### Source material
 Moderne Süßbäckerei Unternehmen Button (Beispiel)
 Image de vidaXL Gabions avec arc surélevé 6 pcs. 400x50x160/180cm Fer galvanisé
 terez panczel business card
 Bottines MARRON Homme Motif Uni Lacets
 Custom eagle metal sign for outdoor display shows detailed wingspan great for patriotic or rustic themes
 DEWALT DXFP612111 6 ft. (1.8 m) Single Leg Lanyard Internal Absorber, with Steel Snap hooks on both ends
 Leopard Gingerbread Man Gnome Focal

--

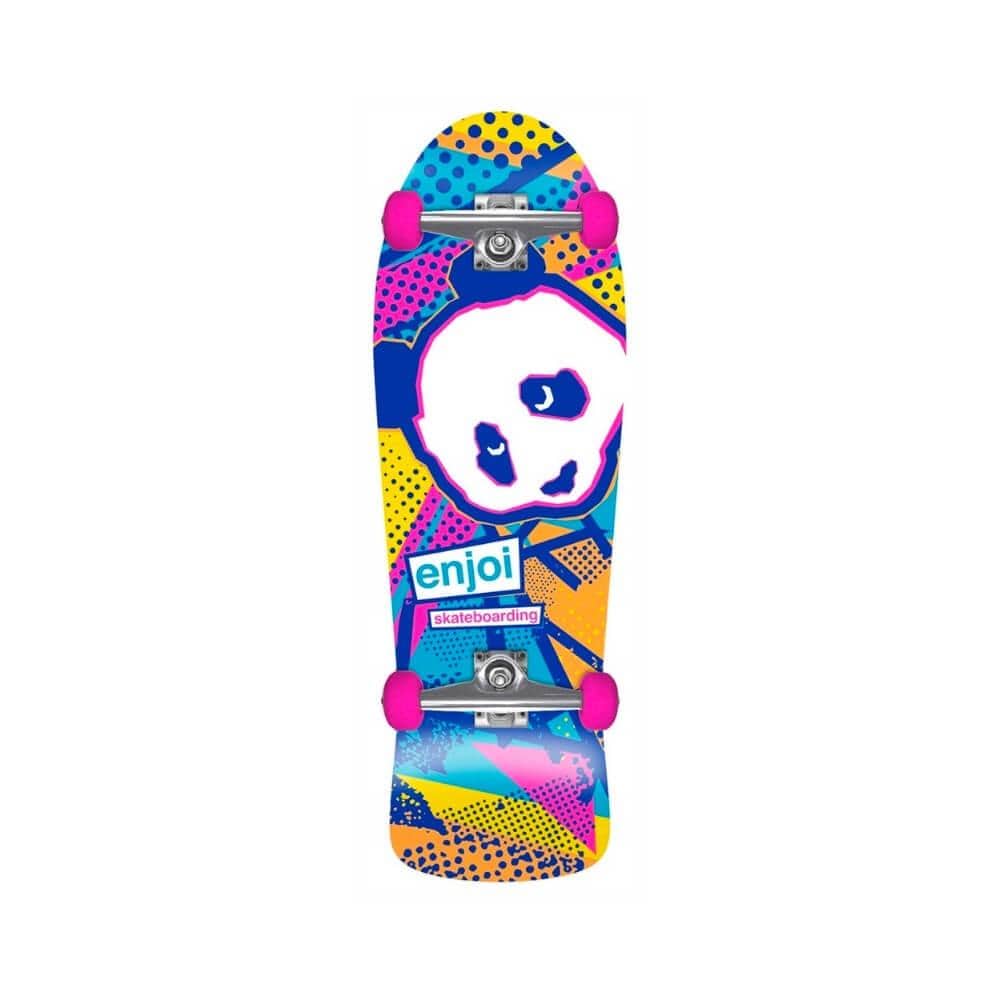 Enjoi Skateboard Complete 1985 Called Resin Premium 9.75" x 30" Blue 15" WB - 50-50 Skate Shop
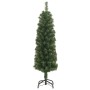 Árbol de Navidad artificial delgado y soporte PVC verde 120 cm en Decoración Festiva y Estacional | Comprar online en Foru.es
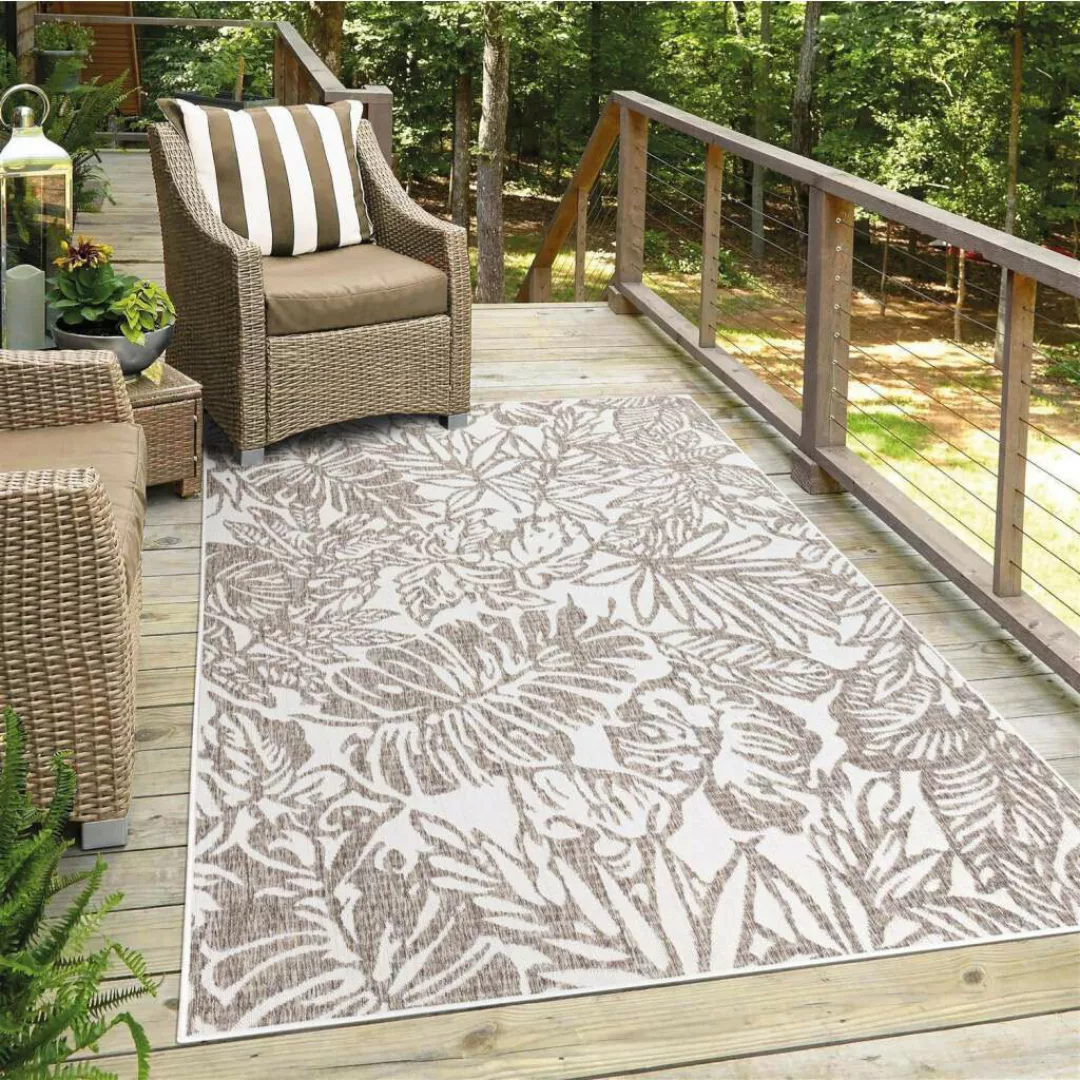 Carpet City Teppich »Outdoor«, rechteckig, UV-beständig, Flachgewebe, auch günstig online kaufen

### Exercise instructions
Please give again the lines above between the line holding "Moderne Süßbäckerei Unternehmen" and the line holding "Leopard Gingerbread Man Gnome Focal", inclusive, exactly as they are and with nothing added.

### Result for this task
 Moderne Süßbäckerei Unternehmen Button (Beispiel)
 Image de vidaXL Gabions avec arc surélevé 6 pcs. 400x50x160/180cm Fer galvanisé
 terez panczel business card
 Bottines MARRON Homme Motif Uni Lacets
 Custom eagle metal sign for outdoor display shows detailed wingspan great for patriotic or rustic themes
 DEWALT DXFP612111 6 ft. (1.8 m) Single Leg Lanyard Internal Absorber, with Steel Snap hooks on both ends
 Leopard Gingerbread Man Gnome Focal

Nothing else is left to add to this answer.